Note that MOSFETs don't have secondary break-down effects, hence EPDR is not nearly as critical for FET output stages. They don't mind high instantaneous power.

You don't even understand what EPDR is and you just proved it yet again. EPDR is a number exclusively for linear amplifiers to represent equivalent PEAK power dissipation in the output devices. You have brought it up repeatedly in Class D threads. EPDR has no meaning in a Class D amplifier and that you keep bringing it up shows you don't understand EPDR or you don't understand Class D.  I will let you tell us which that is.


I read an article not long ago that said JA has tested over 300 amplifiers. We have ran that many tests in design variations across synthetic loads in a week on automated stations running 24/7. Not faulting JAs work, but putting his expertise in perspective. You don't seem to appreciate just how sophisticated companies and design groups can be set test and measurement. What Stereophile does only scratches the surface.  You idolize that because you don't have experience to put it into perspective.

Bingo arty_vandelay. However, it is specific to linear amplifiers where that instantaneous voltage represents a large voltage drop across an output device operating in the linear region at a given current and hence high instantaneous power. As the output devices in Class-D are not operated in the linear region, it has little meaning.

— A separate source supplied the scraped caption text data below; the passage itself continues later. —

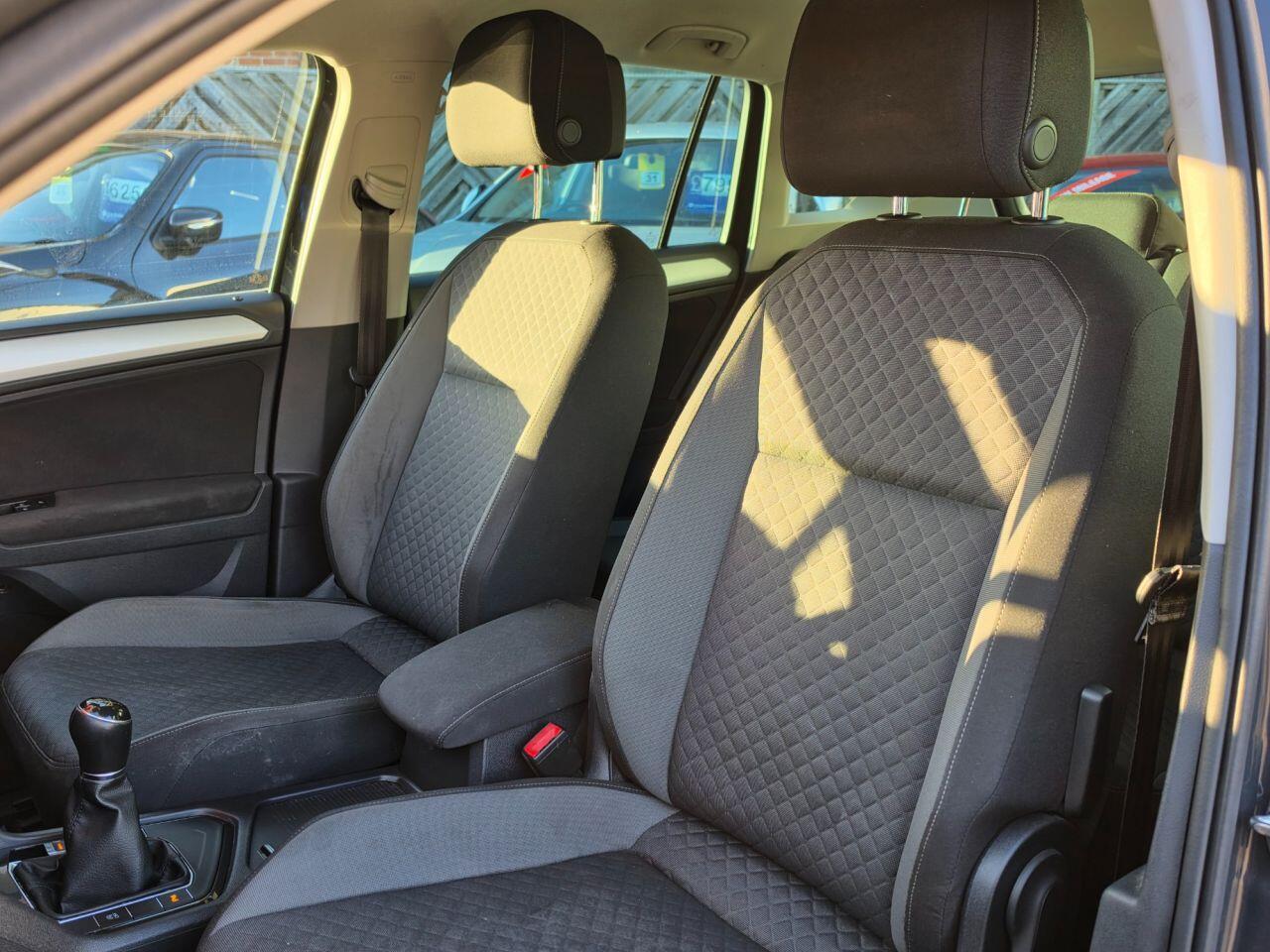 Volkswagen Tiguan - Image 15
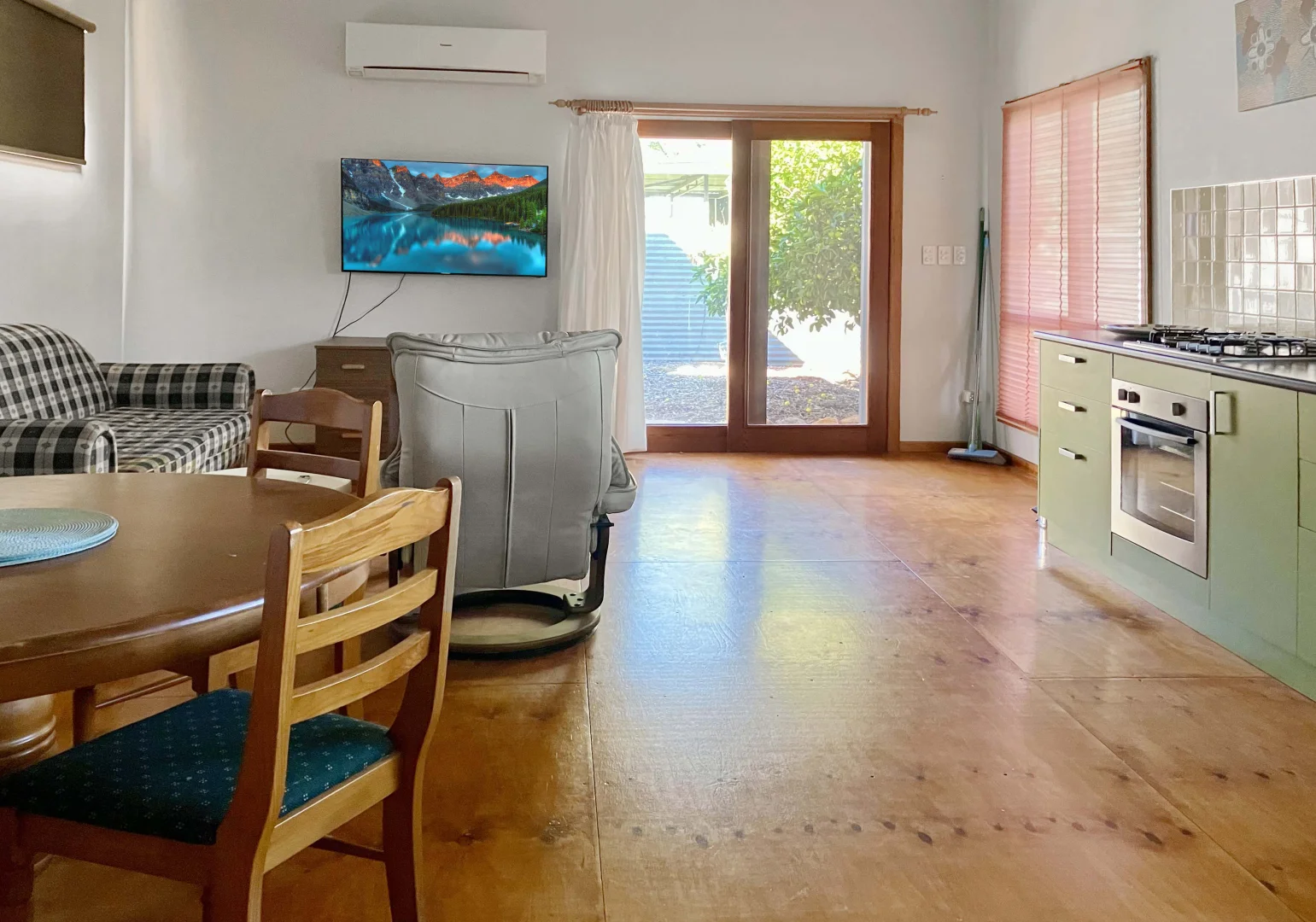 Additional image 15 of 10 Cowle St, Gillen NT 0870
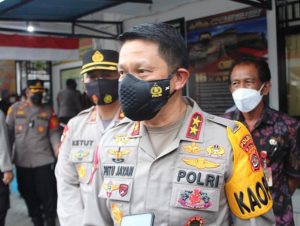 kapolda bali tinjau kesiapan penanganan dan lokasi isoter di kabupaten jembrana 26896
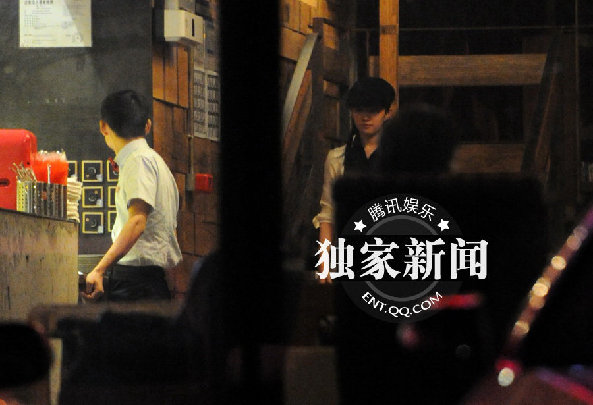  刘亦菲 与 闺蜜  夜谈 驾豪车同回别墅形影不分_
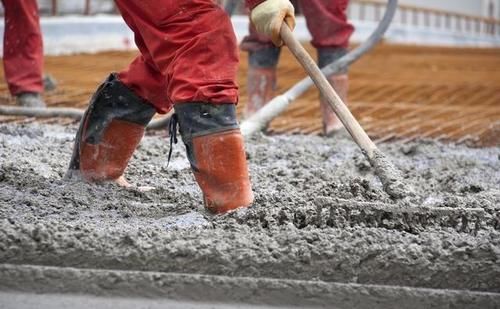 房子现浇屋顶怎样防止开裂？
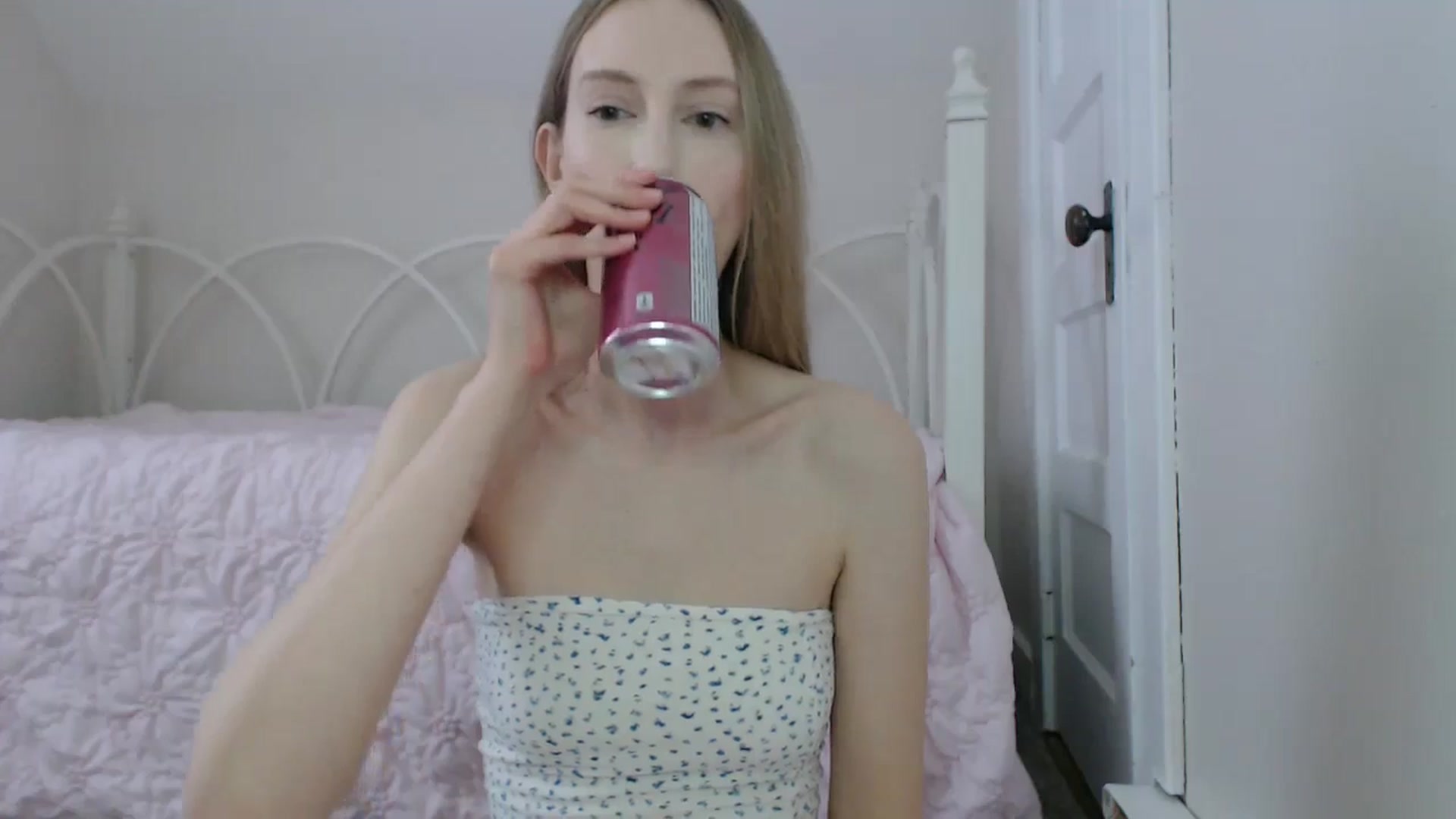 Gallery image thumbnail from ChloeMadden's myfreecams stream on, 04/23/2024, 22:51 image 13 of 20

What EPDR hits really hard is BJT output stages as BJT devices have secondary breakdown mechanisms impacted by instantaneous power (or accurately power and voltage), even if they can handle the current delivery.

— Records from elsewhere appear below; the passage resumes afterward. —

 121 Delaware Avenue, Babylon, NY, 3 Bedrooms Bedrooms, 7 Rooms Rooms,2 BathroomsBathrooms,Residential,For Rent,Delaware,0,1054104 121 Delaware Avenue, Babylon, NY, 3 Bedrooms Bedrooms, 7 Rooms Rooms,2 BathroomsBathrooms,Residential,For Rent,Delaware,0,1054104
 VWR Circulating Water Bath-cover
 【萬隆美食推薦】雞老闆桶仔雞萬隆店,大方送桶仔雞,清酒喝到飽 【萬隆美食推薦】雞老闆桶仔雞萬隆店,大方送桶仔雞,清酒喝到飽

arty_vandelay23 posts11-24-2019 8:43pmEPDR is obviously a means of expressing power dissipated in the amplifier based on instantaneous values of voltage and current at a specified frequency. In other words, a reverse engineered value.

Admittedly most MOSFETs designed today are designed for pulse operation and the long pulse/DC rating of those MOSFETs is less than the rated current. That is a thermal derating though due to rapid heating of the usually quite small die. You can see that on the data sheet if it has a thermal response graph. MOSFETs designed for operation in the linear region (market that seems to be getting smaller) have larger die. This is different from the secondary breakdown of BJTs cause by current concentrating in a small area causing thermal runaway.

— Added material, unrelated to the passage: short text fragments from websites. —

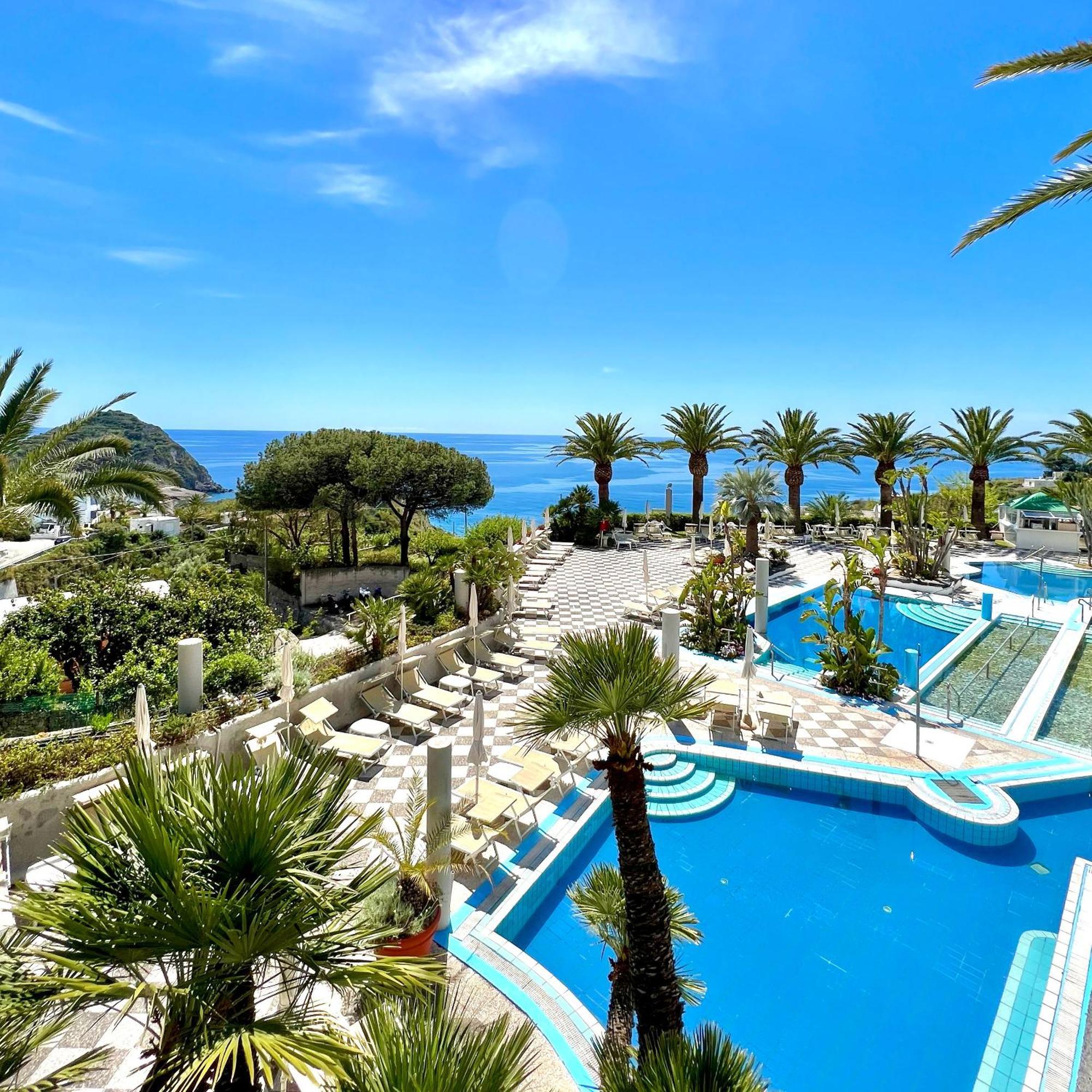 Hotel Borgo Romantica - &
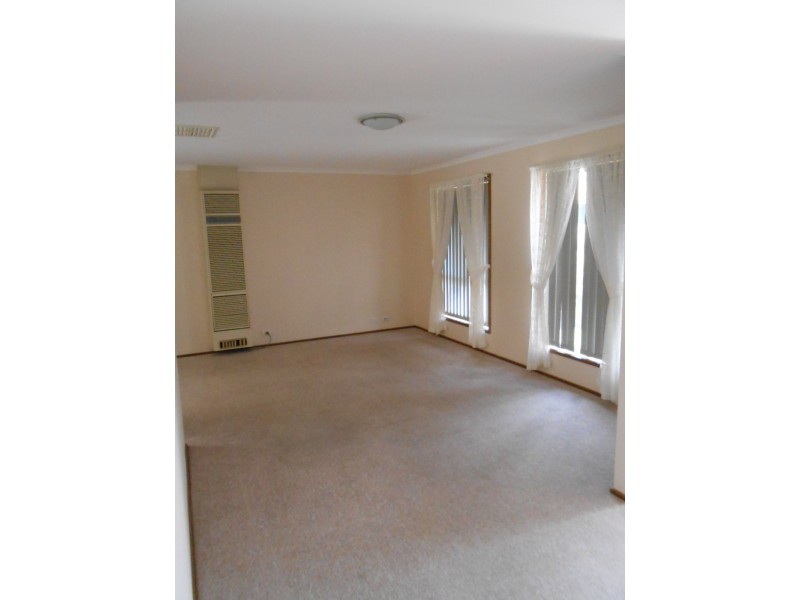 .4 Churchman crt, Gawler East SA 5118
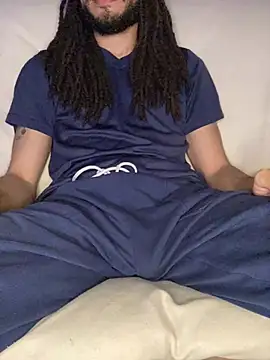 Snapshot of givemeabreak34 chatting on March 30, 2026, 4:03 am givemeabreak34 online show from March 30, 2026, 4:03 am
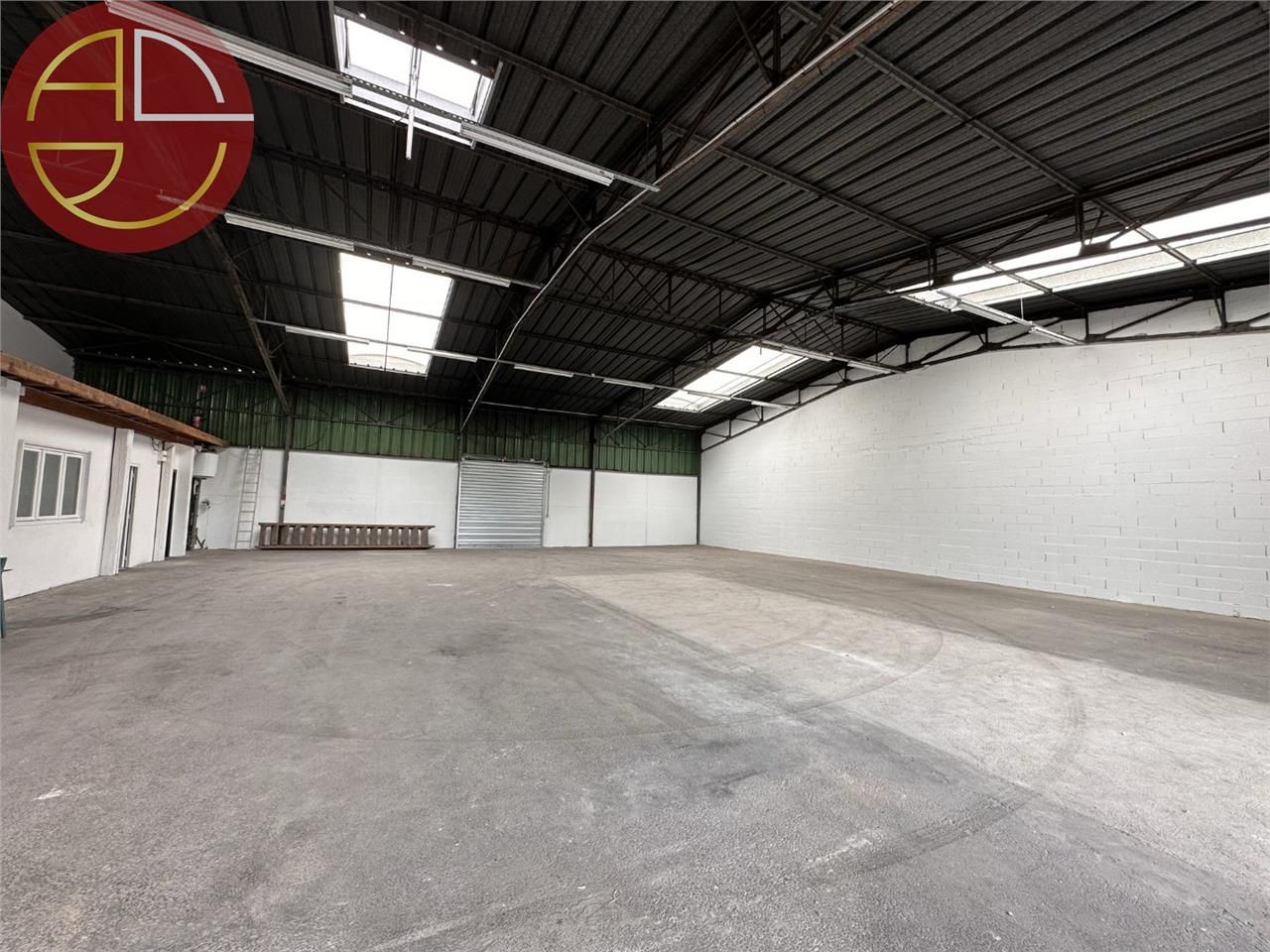 Location local 400 m² à TOULOUSE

When did you last look at a MOSFET SoA plot? Its true that going back 30 years or more they generally didn't have secondary breakdown issues but these days its rare to find an SoA plot which is purely thermally limited.

I am not sure what the goal is with these quotes. Pretty much none of these people are experts in signal processing, and to long term advance the start of the art of class-D, it will require a different knowledge set than linear amplifiers. Thorsten Loesch  particularly shows his lack of knowledge. I have no idea why he even made a comment.

"Perhaps more crucially, so called Class D Amplifiers, which have in recent times sprouted up like mushrooms after a warm rain, continue to use the straight two or three level modulation scheme described above. And thus they still require the use of heavy handed noise shaping to attain anything like acceptable 16 Bit Audio performance.The clock frequencies for these amplifiers are usually at 300 KHz to 1MHz in the best cases. That is 3,000 to 10,000 times lower than what is required to attain 16 Bit / 44.1 KHz performance without noise shaping and other forms of signal manipulation!?"

How do you take someone seriously who has such flawed views of what is possible or the underlying technology?

Fortunately, we can count of people such as Nelson Pass, and Jeff Rowland, even John Curl to offer a more balanced (and probably more informed) view of where Class-D is and can go.

GaN FETs suitable for a Class-D output stage and superior to silicon devices are relatively inexpensive now. Even in a $2,500 unit, they use of GaN shouldn't command that much of a premium.

Given the target market, you can't fault someone for making it look like a tube amplifier. Can't comment on the 2 ohms, or the sound, but fairly sure that clear acrylic cover would not cut it as a required fire barrier required for AC products in North America.